En générant cette affiche, LFI a créé de quoi être critiqué par ses détracteurs, qui sont nombreux à se ravir de cette dérive. Selon L’Opinion, les membres de LFI se disputent eux-mêmes sur cette polémique. Le député Aymeric Caron aurait écrit : « Merci de tenir compte du fait que chaque membre du groupe est impacté, une fois de plus, par ces communications catastrophiques, qui se multiplient ».

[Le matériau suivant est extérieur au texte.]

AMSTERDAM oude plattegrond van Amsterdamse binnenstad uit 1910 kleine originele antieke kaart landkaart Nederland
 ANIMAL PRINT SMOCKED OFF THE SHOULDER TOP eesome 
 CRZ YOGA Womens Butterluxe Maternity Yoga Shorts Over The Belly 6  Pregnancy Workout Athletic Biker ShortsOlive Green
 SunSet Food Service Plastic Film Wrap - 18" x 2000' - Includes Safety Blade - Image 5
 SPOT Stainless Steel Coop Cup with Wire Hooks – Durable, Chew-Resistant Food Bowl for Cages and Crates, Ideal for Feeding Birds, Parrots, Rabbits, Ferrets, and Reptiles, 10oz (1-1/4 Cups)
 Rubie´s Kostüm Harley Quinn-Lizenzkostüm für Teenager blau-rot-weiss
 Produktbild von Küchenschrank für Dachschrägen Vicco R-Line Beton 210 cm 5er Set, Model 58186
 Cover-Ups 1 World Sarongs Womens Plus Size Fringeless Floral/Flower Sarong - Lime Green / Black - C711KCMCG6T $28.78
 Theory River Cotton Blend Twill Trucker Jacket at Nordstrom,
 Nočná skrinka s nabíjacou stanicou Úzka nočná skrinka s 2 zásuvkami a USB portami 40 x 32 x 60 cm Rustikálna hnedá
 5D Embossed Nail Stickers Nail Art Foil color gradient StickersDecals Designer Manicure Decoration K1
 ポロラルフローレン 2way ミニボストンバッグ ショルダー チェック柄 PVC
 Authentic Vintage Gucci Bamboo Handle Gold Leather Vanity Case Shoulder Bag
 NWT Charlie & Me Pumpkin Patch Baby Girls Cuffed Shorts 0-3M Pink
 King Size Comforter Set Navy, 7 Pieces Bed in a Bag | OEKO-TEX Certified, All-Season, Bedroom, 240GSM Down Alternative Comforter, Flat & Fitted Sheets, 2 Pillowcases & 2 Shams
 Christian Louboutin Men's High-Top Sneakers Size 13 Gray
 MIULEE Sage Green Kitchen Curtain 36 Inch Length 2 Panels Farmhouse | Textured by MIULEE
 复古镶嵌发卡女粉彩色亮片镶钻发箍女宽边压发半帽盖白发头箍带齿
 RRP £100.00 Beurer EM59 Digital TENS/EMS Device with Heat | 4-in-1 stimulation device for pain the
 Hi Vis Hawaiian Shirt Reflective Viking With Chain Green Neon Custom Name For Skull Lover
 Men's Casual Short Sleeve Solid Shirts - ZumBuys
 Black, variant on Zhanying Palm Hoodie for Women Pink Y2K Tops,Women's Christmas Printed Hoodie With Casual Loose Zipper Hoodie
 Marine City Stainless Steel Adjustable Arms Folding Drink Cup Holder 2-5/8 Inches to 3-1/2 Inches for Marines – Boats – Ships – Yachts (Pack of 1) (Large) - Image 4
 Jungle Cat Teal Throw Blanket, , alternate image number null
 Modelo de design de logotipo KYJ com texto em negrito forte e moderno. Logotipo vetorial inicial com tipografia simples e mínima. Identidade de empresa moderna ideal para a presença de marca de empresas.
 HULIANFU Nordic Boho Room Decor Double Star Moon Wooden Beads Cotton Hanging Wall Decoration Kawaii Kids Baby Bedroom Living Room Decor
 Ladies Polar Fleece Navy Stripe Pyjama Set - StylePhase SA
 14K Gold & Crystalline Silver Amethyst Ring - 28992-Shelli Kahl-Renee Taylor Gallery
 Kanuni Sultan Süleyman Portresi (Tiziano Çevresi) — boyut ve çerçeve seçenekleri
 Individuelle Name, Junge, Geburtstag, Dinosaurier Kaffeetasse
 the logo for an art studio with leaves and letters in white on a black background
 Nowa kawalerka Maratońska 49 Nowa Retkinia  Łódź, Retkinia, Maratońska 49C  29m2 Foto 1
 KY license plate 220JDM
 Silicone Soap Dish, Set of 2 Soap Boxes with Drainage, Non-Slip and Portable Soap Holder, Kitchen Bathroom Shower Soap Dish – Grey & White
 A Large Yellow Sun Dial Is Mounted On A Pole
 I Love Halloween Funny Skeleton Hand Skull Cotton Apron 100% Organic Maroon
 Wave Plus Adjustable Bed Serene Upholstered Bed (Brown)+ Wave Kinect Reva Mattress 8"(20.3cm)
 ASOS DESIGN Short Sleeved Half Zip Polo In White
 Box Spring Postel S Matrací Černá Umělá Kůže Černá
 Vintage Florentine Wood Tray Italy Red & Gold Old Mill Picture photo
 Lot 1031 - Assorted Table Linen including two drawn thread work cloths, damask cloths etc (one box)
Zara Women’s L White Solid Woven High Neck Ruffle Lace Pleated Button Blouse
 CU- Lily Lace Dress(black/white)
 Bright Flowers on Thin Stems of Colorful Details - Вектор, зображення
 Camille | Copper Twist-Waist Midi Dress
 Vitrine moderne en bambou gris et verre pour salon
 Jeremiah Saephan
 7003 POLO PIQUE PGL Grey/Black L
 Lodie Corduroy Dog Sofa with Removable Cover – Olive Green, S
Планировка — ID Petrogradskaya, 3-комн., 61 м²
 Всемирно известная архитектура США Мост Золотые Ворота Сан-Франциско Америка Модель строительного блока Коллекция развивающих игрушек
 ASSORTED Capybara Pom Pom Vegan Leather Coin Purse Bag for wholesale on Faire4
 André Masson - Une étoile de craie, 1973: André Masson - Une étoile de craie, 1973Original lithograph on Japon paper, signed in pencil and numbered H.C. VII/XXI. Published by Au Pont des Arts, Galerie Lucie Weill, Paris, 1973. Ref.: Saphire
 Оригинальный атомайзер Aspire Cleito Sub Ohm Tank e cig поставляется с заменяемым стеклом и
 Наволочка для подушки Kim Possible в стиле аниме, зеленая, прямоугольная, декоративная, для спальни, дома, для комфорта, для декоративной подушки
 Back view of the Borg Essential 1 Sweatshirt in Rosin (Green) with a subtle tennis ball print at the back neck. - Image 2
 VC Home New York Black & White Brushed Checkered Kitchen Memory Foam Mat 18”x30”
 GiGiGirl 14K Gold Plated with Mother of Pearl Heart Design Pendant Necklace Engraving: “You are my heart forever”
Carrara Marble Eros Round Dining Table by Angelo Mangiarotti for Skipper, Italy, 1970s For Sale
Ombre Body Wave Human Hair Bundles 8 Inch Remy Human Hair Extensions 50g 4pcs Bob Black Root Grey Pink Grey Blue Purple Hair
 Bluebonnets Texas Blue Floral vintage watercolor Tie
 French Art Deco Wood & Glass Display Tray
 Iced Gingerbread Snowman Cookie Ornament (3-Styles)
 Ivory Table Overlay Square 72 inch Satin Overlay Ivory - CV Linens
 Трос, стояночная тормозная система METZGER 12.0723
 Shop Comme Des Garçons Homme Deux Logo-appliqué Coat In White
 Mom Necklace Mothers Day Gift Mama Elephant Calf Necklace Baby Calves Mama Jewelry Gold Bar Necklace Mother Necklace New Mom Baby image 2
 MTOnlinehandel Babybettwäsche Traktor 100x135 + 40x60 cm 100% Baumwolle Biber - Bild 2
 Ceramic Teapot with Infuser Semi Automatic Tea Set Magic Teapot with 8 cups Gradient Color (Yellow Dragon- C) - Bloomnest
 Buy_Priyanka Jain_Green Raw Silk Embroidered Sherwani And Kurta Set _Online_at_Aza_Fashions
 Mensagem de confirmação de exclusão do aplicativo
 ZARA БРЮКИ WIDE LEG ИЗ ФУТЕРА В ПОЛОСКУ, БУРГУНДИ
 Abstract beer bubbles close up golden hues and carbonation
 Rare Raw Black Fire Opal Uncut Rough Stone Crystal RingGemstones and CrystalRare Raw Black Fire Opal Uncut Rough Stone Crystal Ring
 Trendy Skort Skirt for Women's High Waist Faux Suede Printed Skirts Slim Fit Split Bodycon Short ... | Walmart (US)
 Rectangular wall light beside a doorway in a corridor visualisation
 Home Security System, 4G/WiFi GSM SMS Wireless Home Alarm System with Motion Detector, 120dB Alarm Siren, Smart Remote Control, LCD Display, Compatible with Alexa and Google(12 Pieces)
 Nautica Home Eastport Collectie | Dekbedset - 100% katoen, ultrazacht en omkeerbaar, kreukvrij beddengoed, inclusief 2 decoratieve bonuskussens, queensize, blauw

Légalement parlant, l’intelligence artificielle n’est pas encore strictement encadrée, même si l’Union européenne accélère sur la question (les systèmes avec des « risques inacceptables » sont interdits depuis février 2025). Les développeurs d’IA devront fournir à partir du mois d’août des données sur l’entraînement de leurs algorithmes, ce qui pourrait aider à comprendre les biais de Grok.

Quoi qu’il en soit, l’intelligence artificielle, même lorsqu’elle est créée par Elon Musk, ne peut pas être tenue responsable d’une publication antisémite, raciste ou sexiste. L’IA n’est qu’un outil et l’être humain reste son principal commanditaire. Le problème aurait été quasiment le même avec une photo ou un montage « humain » : la responsabilité finale revient à celui qui publie.